* Record excerpts *
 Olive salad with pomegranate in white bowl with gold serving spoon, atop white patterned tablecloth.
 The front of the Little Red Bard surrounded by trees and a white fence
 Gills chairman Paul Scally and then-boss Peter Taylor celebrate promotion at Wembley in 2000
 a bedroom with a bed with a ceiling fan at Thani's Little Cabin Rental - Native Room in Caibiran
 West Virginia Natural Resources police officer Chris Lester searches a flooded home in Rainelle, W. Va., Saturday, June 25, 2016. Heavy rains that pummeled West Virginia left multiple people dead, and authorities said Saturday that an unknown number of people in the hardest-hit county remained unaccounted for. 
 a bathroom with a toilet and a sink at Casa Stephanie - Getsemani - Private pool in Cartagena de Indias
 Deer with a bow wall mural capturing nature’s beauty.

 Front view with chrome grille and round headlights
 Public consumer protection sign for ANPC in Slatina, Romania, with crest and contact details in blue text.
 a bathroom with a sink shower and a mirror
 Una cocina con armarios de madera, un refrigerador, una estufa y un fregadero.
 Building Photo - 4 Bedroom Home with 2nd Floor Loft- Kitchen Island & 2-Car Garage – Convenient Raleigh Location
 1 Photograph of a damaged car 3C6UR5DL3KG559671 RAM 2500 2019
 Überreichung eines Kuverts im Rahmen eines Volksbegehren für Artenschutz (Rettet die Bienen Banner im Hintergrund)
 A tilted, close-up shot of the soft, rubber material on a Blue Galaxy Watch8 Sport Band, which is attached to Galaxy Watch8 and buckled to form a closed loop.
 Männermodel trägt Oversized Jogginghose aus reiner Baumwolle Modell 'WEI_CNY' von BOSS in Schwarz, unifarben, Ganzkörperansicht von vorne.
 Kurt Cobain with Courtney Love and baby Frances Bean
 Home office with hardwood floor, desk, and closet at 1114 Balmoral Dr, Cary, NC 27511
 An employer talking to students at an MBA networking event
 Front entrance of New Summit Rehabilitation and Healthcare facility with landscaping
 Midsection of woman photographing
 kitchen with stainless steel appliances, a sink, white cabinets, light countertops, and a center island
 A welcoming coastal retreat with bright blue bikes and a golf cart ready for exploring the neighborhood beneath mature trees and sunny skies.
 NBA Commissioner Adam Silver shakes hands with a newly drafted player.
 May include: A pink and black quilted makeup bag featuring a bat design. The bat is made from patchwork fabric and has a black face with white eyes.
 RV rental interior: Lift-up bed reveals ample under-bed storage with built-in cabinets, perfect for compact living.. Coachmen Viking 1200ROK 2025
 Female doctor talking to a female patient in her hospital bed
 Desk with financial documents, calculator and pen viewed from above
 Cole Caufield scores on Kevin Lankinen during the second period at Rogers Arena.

* What the task asks *
The listing above should be transcribed in full, exactly as written.

* Output of the task *
 Olive salad with pomegranate in white bowl with gold serving spoon, atop white patterned tablecloth.
 The front of the Little Red Bard surrounded by trees and a white fence
 Gills chairman Paul Scally and then-boss Peter Taylor celebrate promotion at Wembley in 2000
 a bedroom with a bed with a ceiling fan at Thani's Little Cabin Rental - Native Room in Caibiran
 West Virginia Natural Resources police officer Chris Lester searches a flooded home in Rainelle, W. Va., Saturday, June 25, 2016. Heavy rains that pummeled West Virginia left multiple people dead, and authorities said Saturday that an unknown number of people in the hardest-hit county remained unaccounted for. 
 a bathroom with a toilet and a sink at Casa Stephanie - Getsemani - Private pool in Cartagena de Indias
 Deer with a bow wall mural capturing nature’s beauty.

 Front view with chrome grille and round headlights
 Public consumer protection sign for ANPC in Slatina, Romania, with crest and contact details in blue text.
 a bathroom with a sink shower and a mirror
 Una cocina con armarios de madera, un refrigerador, una estufa y un fregadero.
 Building Photo - 4 Bedroom Home with 2nd Floor Loft- Kitchen Island & 2-Car Garage – Convenient Raleigh Location
 1 Photograph of a damaged car 3C6UR5DL3KG559671 RAM 2500 2019
 Überreichung eines Kuverts im Rahmen eines Volksbegehren für Artenschutz (Rettet die Bienen Banner im Hintergrund)
 A tilted, close-up shot of the soft, rubber material on a Blue Galaxy Watch8 Sport Band, which is attached to Galaxy Watch8 and buckled to form a closed loop.
 Männermodel trägt Oversized Jogginghose aus reiner Baumwolle Modell 'WEI_CNY' von BOSS in Schwarz, unifarben, Ganzkörperansicht von vorne.
 Kurt Cobain with Courtney Love and baby Frances Bean
 Home office with hardwood floor, desk, and closet at 1114 Balmoral Dr, Cary, NC 27511
 An employer talking to students at an MBA networking event
 Front entrance of New Summit Rehabilitation and Healthcare facility with landscaping
 Midsection of woman photographing
 kitchen with stainless steel appliances, a sink, white cabinets, light countertops, and a center island
 A welcoming coastal retreat with bright blue bikes and a golf cart ready for exploring the neighborhood beneath mature trees and sunny skies.
 NBA Commissioner Adam Silver shakes hands with a newly drafted player.
 May include: A pink and black quilted makeup bag featuring a bat design. The bat is made from patchwork fabric and has a black face with white eyes.
 RV rental interior: Lift-up bed reveals ample under-bed storage with built-in cabinets, perfect for compact living.. Coachmen Viking 1200ROK 2025
 Female doctor talking to a female patient in her hospital bed
 Desk with financial documents, calculator and pen viewed from above
 Cole Caufield scores on Kevin Lankinen during the second period at Rogers Arena.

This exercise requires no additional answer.